## What this task involves
Everything from the line containing "<B>NEW V6:</B> Wheels24" through the last line of the entries needs to be repeated exactly. Pictures must be left out.
* * *
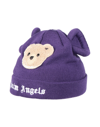Palm Angels Kids' Hats In Purple
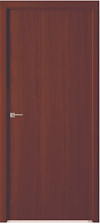 Полотно дверное гладкое ДГ400 орех итальянский (ВДК)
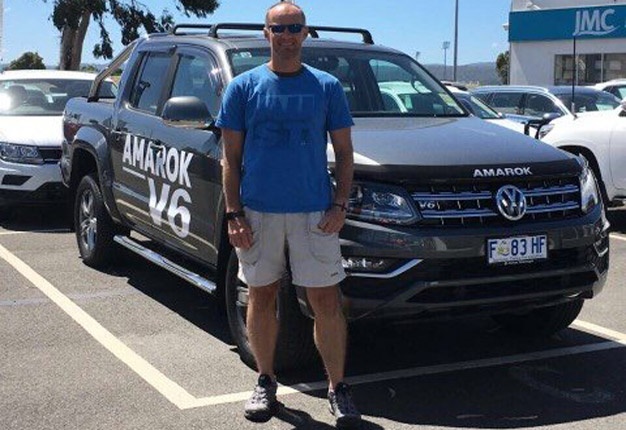 <B>NEW V6:</B> Wheels24 reader Johan Wehrmann test drove the new VW Amarok in 3.0-litre V6 guise in Tasmania. <i>Image:Johan Wehrmann </i>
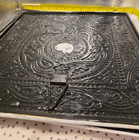 Set Of 3 Antique Metal Tin Ceiling Tile 12    X 12  Salvaged Vintage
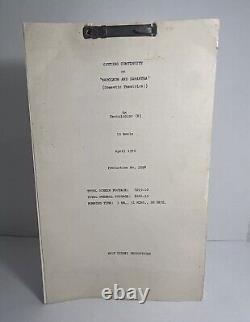 1967-1983 WALT DISNEY Original Movie Script LOT of 12 Rare Disney Collection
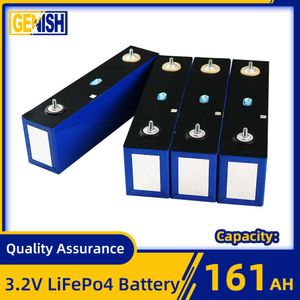 LifePo4 161AH -batterij 3.2V 1/4/8/16/32pcs Lithium Iron Phosphate Diy 12V 24V Oplaadbare Batteri Pack RV Home Energy Vans Cellen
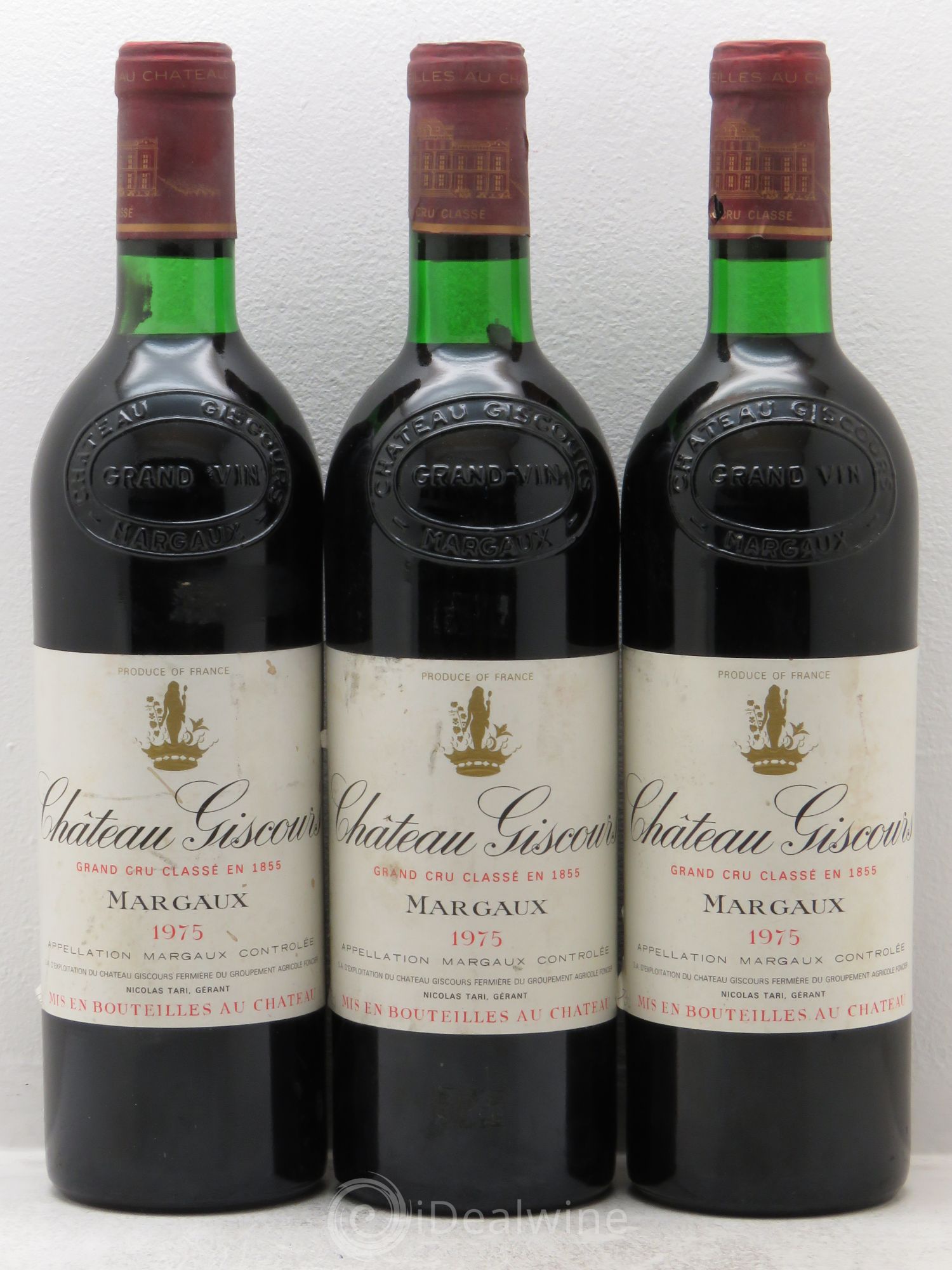 Château Giscours 3ème Grand Cru Classé 1975 - Lot de 3 bouteilles - 0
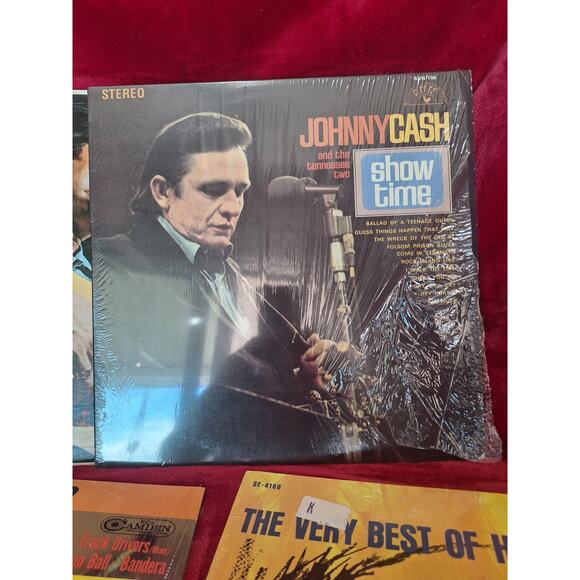 Johnny Cash, Hank Williams & Chet Atkins Country Vinyl LP Lot Of 4- VG+/EX - Picture 3 of 10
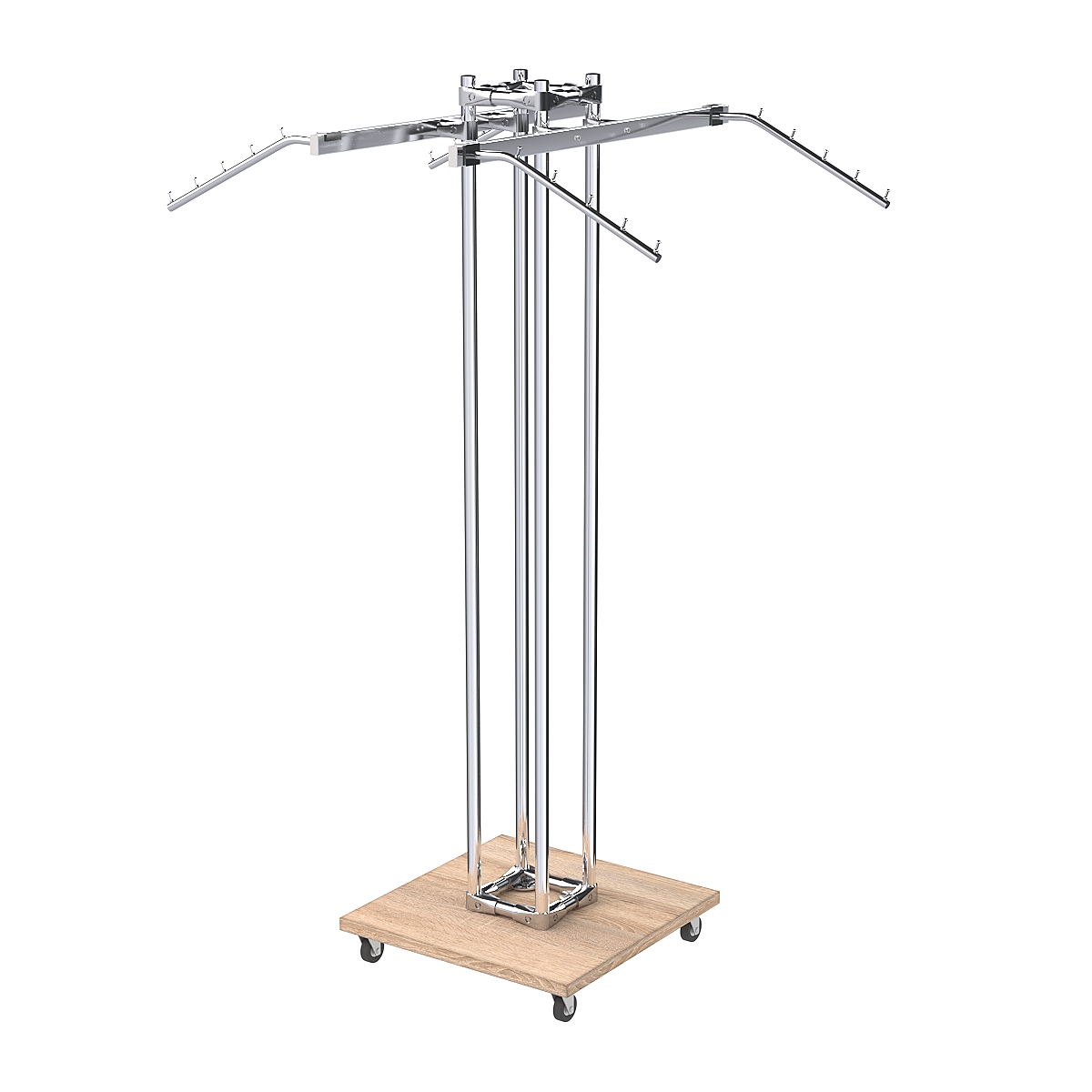 Торговое вешало для одежды с подвижной платформой КОНТУР №K1-5Ц-ТНХ Дуб Сонома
* * *
## Answer for this exercise
 <B>NEW V6:</B> Wheels24 reader Johan Wehrmann test drove the new VW Amarok in 3.0-litre V6 guise in Tasmania. <i>Image:Johan Wehrmann </i>
 Set Of 3 Antique Metal Tin Ceiling Tile 12    X 12  Salvaged Vintage
 1967-1983 WALT DISNEY Original Movie Script LOT of 12 Rare Disney Collection
 LifePo4 161AH -batterij 3.2V 1/4/8/16/32pcs Lithium Iron Phosphate Diy 12V 24V Oplaadbare Batteri Pack RV Home Energy Vans Cellen
 Château Giscours 3ème Grand Cru Classé 1975 - Lot de 3 bouteilles - 0
 Johnny Cash, Hank Williams & Chet Atkins Country Vinyl LP Lot Of 4- VG+/EX - Picture 3 of 10
 Торговое вешало для одежды с подвижной платформой КОНТУР №K1-5Ц-ТНХ Дуб Сонома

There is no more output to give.